Dec. 10-16, 2022 winner
Abdur Anwar’s WR 134 received high praise from judges, winning Photo of the Week for the period of Dec. 10-16, 2022.
“WR 134 is a variable Wolf-Rayet star located around 6,000 light years away from Earth in the constellation of Cygnus,” wrote Anwar in his submission. “The faint blue and red nebula surrounds the star and forms a very faint bubble due to the intense radiation and fast wind from the star.”
He said the star creating this nebula is about five times the diameter of the Sun — and much hotter at 63,000K. “That makes it about 400,000 times brighter than the Sun,” he wrote.
Anwar spent several clear nights between October 6, 2022 and November 5, 2022 on this object, concluding his time with 33.5 hours of data. “Although I only managed to image three serious targets this summer and fall, I am glad this was one of them.”
Anwar used NINA for collecting the data, while the processing was done in PixInsight. Judges said he managed to do some very nice blending of the Ha and Oiii.
“It [WR 134] is a difficult target to bring out the detail in the OIII bubble created by the central star. Anwar has done a great job capturing fine details in this shell and balanced the OIII signal very well with the background Ha.”
Anwar’s equipment includes a Celestron C11 EdgeHD telescope with Hyperstar V3, an Asi1600mm Pro camera with ZWO EFW (filter wheel), an EQ6R Pro mount, and Astronomik LRGBHaO3 31mm 6nm MaxFR filters guided with a 60mm 240mm fl guide scope.
The image was taken on November 5, 2022, in Cochrane, Alberta.
Dec. 17-23, 2022 winner
Oscar Echeverri’s NGC 1333, The Embryo Nebula, won Photo of the Week for the period of Dec. 17-23, 2022.
In his submission, he said the NGC 1333 is a reflection nebula on the edge of the constellation Perseus. “It is made up of interstellar dust that is reflecting nearby starlight,” he wrote. “Also visible in the top right quadrant of the image is the dark nebula Barnard 205.”
This image was taken using a ZWO ASI2600MM Pro monochromatic camera, using a set of LRGB filters. “Each of the colour filters received 2 hours of exposure, and 7 hours and 36 minutes was spent in the luminance channel,” wrote Echeverri.
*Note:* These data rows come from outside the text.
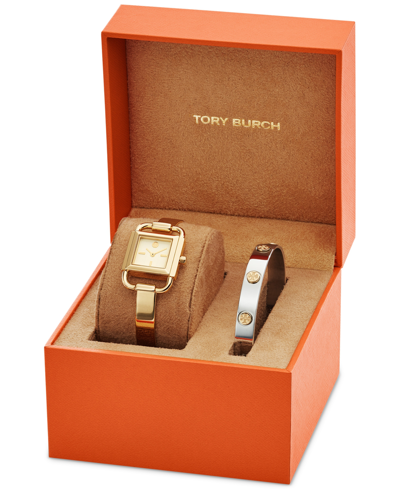 Shop Tory Burch Women's Phipps Gold-tone Stainless Steel Bracelet Watch 22mm Gift Set In Multicolor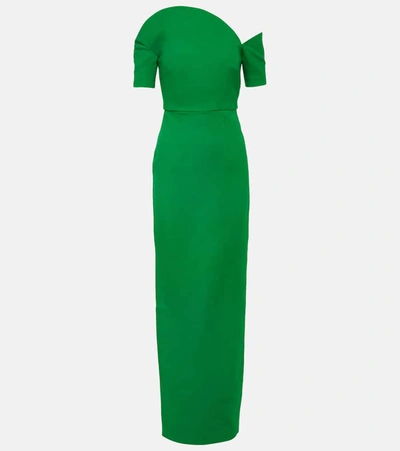 Roland Mouret Asymmetric Off-the-shoulder Wool-blend Maxi Dress In Green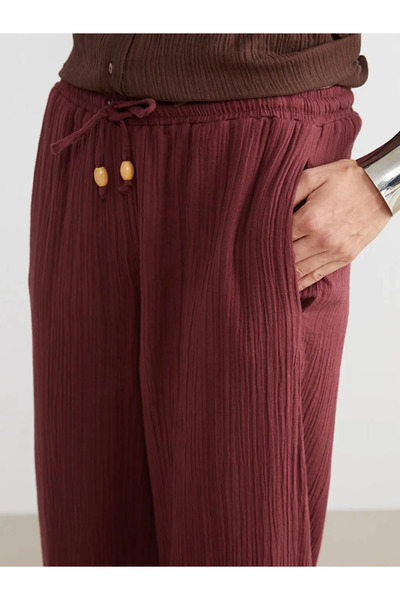 LC Waikiki Elastic Waist Textured Muslin Women's Trousers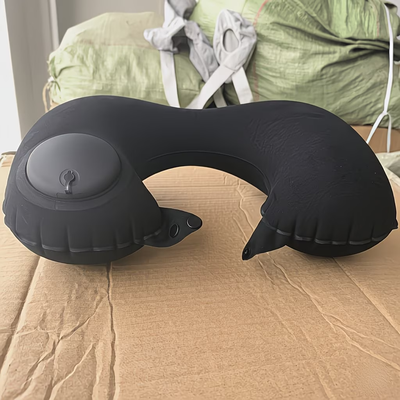 Shop Station Compact Inflatable Travel Neck Pillow Portable U Shaped Neck Support For Flights, Cars & Office black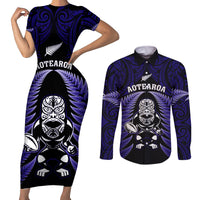 New Zealand Aotearoa Rugby Couples Matching Short Sleeve Bodycon Dress and Long Sleeve Button Shirts NZ Tiki With Maori Fern World Cup Blue Version LT14 Blue - Polynesian Pride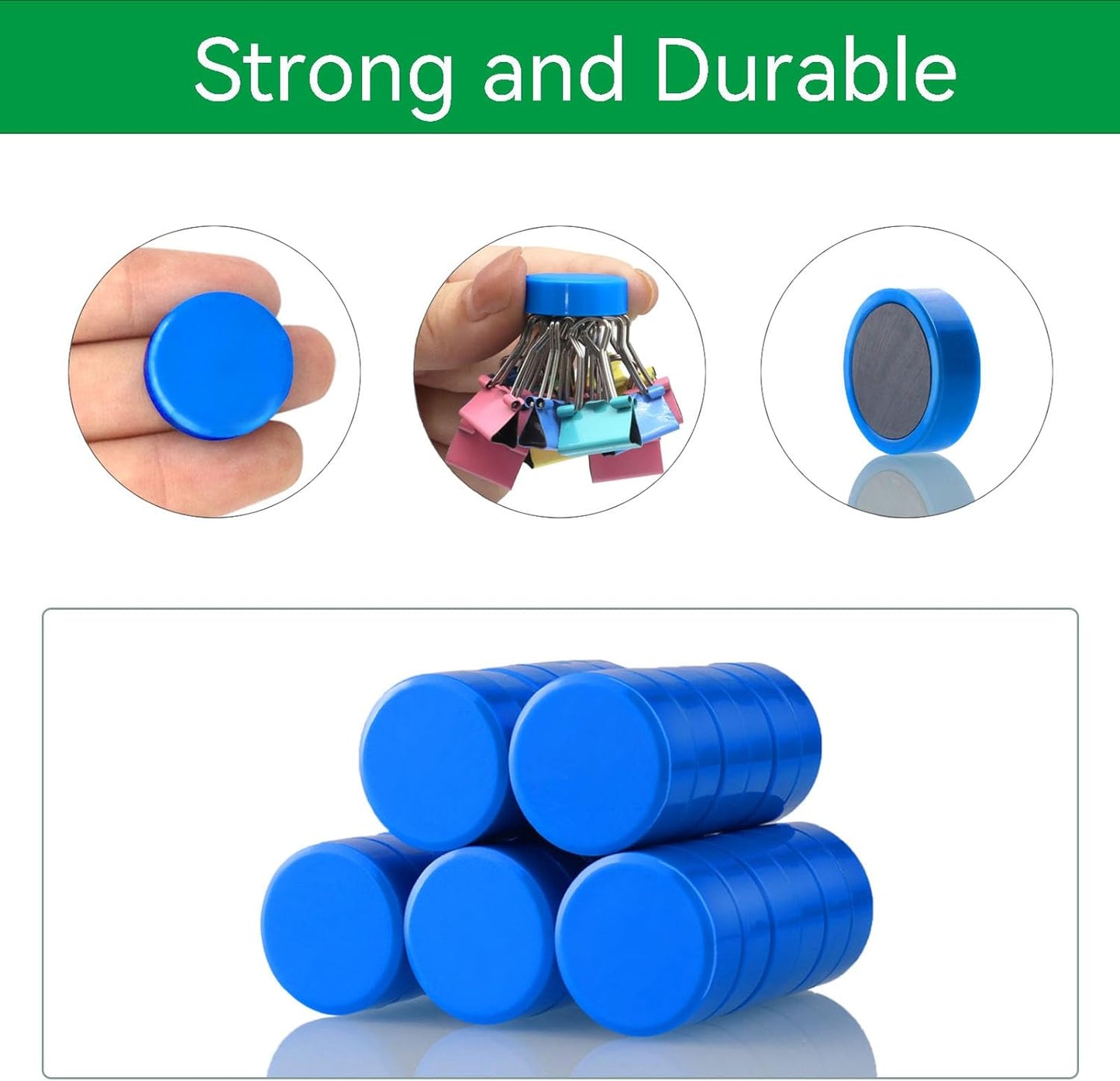 Fridge Magnets, 40 Pcs Heavy Duty Round Magnets for Whiteboard, Fridge, Locker, Office, Classroom - Blue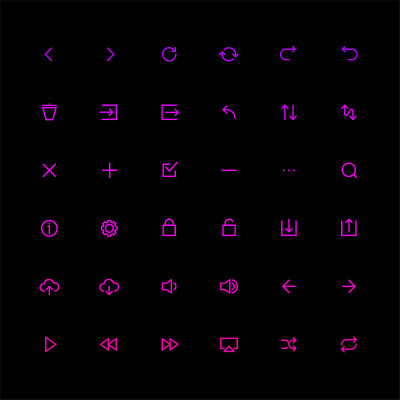 应用程序控制系统用户界面(UI)矢量图标集。高质量的最小线条图标的所有目的。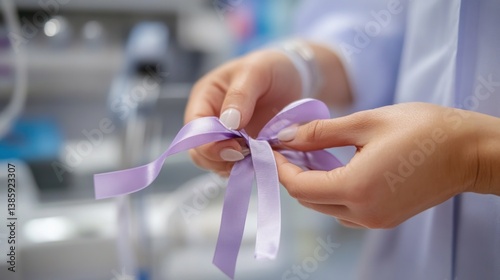 Hands carefully crafting a delicate lavender ribbon bow for breast cancer awareness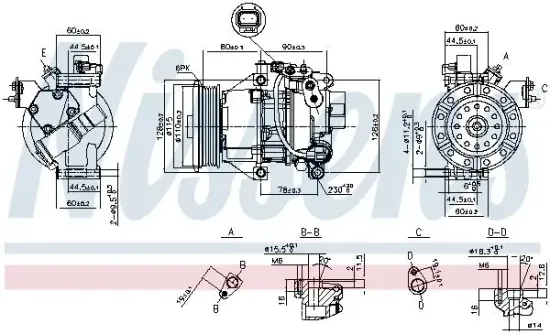 Kompressor, Klimaanlage 12 V NISSENS 89554 Bild Kompressor, Klimaanlage 12 V NISSENS 89554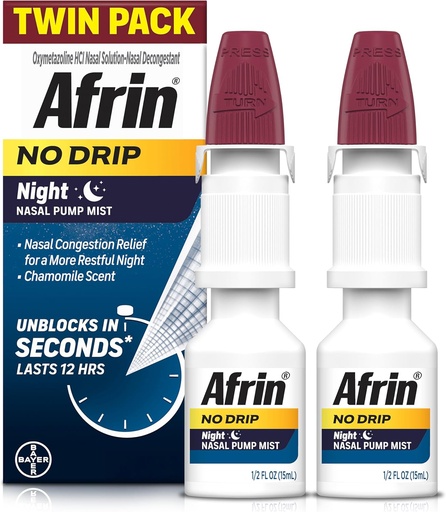 [BRSRAYYFBN7QGHYY] AFRIN No Drip Night Nasal Mist Twin Pack, Non-Drowsy, Fast-Acting Decongestant för Restful Sleep med Chamomile Scent, Vuxna och barn 6 och äldre, .5 fl oz (Pack of 2)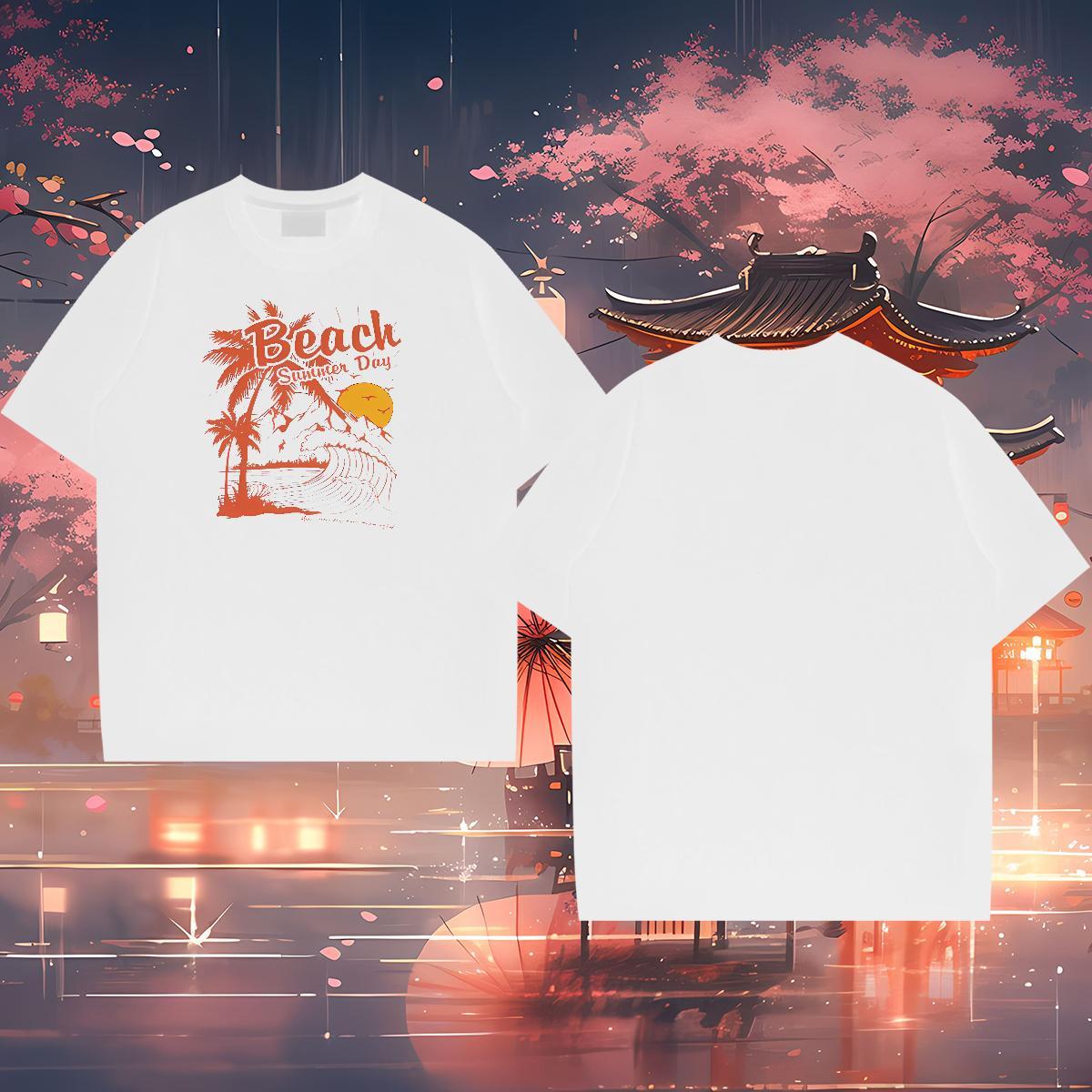 Wholesale T-Shirts 230g 100% Cotton sea Street Wear Polos Breathable Crew Neck High Quality Men Tops Tees DIY Anime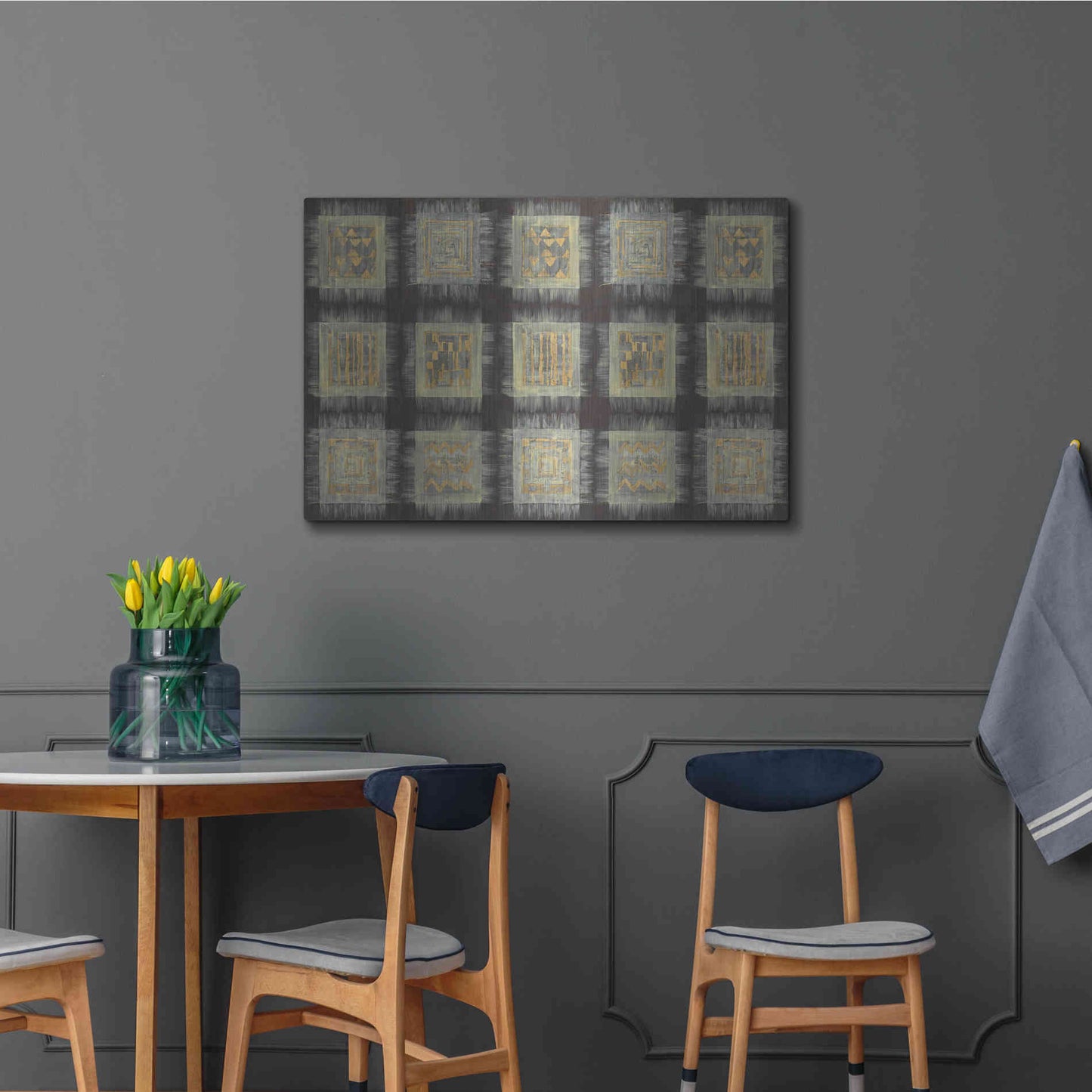 Luxe Metal Art 'Gold Tapestry VIII RUG' by Albena Hristova, Metal Wall Art,36x24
The image was taken on December 13, 2022, in White Lake, Ontario.
Mike Karakas’ Lunar/Mars occultation received an honourable mention for the week of Dec. 10-16, 2022. Judges said the luminosity of both subjects “is extremely different and they are nicely balanced in this image,” and “there is decent detail present on the surface of Mars.”
Andrea Girones’ close encounter received an honourable mention for the week of Dec. 17-23, 2022.
“On December 1, Jupiter and the 63 per cent Moon had a close encounter in the sky and they were lovely together on their own,” she wrote. “I was out late into the evening taking planetary images of Mars through high icy clouds. I looked up and I saw this stunning lunar halo. I ran back into the house to grab my camera. A stunning view! Single exposure at f/1.8, 1s, ISO 1600.”
Judges said she managed to have “great timing” and “the perfect condition” to capture the icy halo and the Moon and Mars together.